**Work instruction**: Print the records below exactly, from the line containing "bokomslag Great British Plans" down to the line containing "Auf die Ressourcen", both lines included, and omit every picture.

##############################

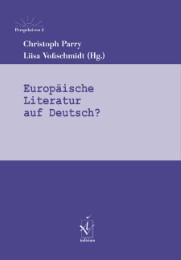 Europäische Literatur auf Deutsch?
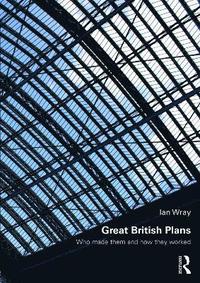 bokomslag Great British Plans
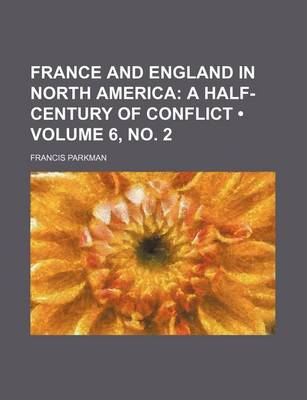 Book cover for France and England in North America (Volume 6, No. 2); A Half-Century of Conflict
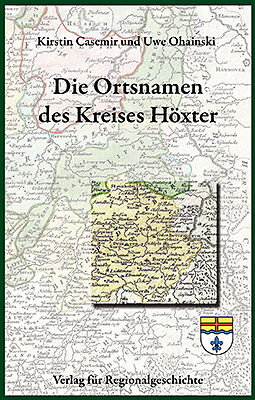 Fester Einband Die Ortsnamen des Kreises Höxter von Kirstin Casemir, Uwe Ohainski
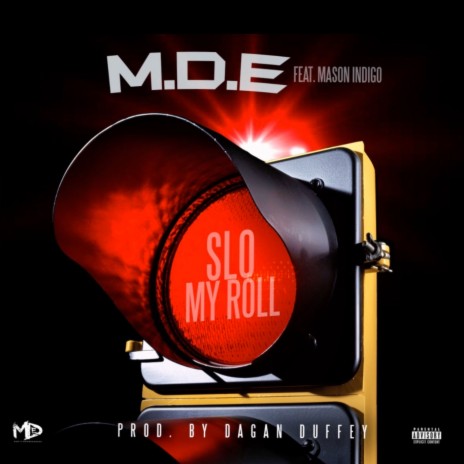 Slo My Roll ft. Mason indigo | Boomplay Music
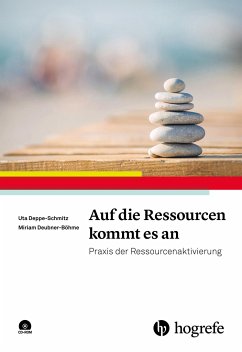 Auf die Ressourcen kommt es an - Deppe-Schmitz, Uta;Deubner-Böhme, Miriam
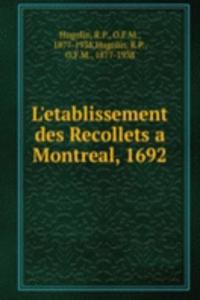 L'etablissement des Recollets a Montreal, 1692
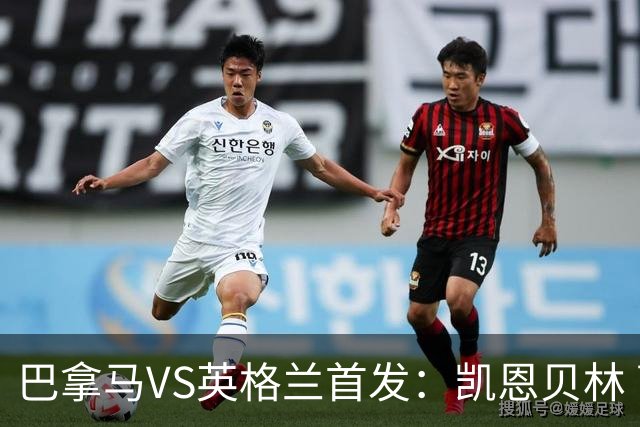 巴拿马VS英格兰首发：凯恩贝林 萨卡拉什福德配罗杰斯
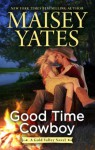 Good Time Cowboy (Gold Valley #3) - Maisey Yates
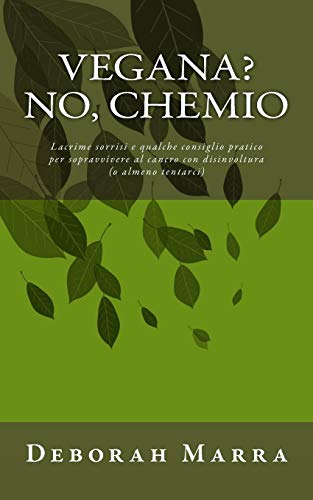 Vegana? No chemio: Lacrime sorrisi e qualche consiglio pratico per sopravvivere al cancro con disinvoltura (o almeno tentarci) (Italian Edition)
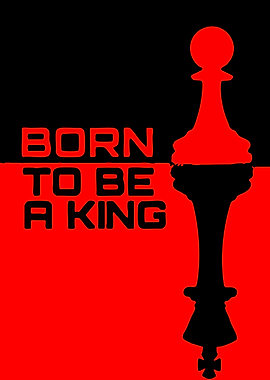 Born to be a King Chess Pawn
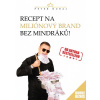 Recept na miliónový brand bez mindráků! - Peter Dubaj Recept na miliónový brand bez mindráků! - Peter Dubaj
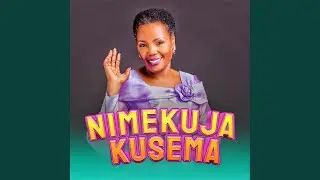 Nimekuja Kusema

##############################

**Task output**:
 bokomslag Great British Plans
 Book cover for France and England in North America (Volume 6, No. 2); A Half-Century of Conflict
 Fester Einband Die Ortsnamen des Kreises Höxter von Kirstin Casemir, Uwe Ohainski
 Slo My Roll ft. Mason indigo | Boomplay Music
 Auf die Ressourcen kommt es an - Deppe-Schmitz, Uta;Deubner-Böhme, Miriam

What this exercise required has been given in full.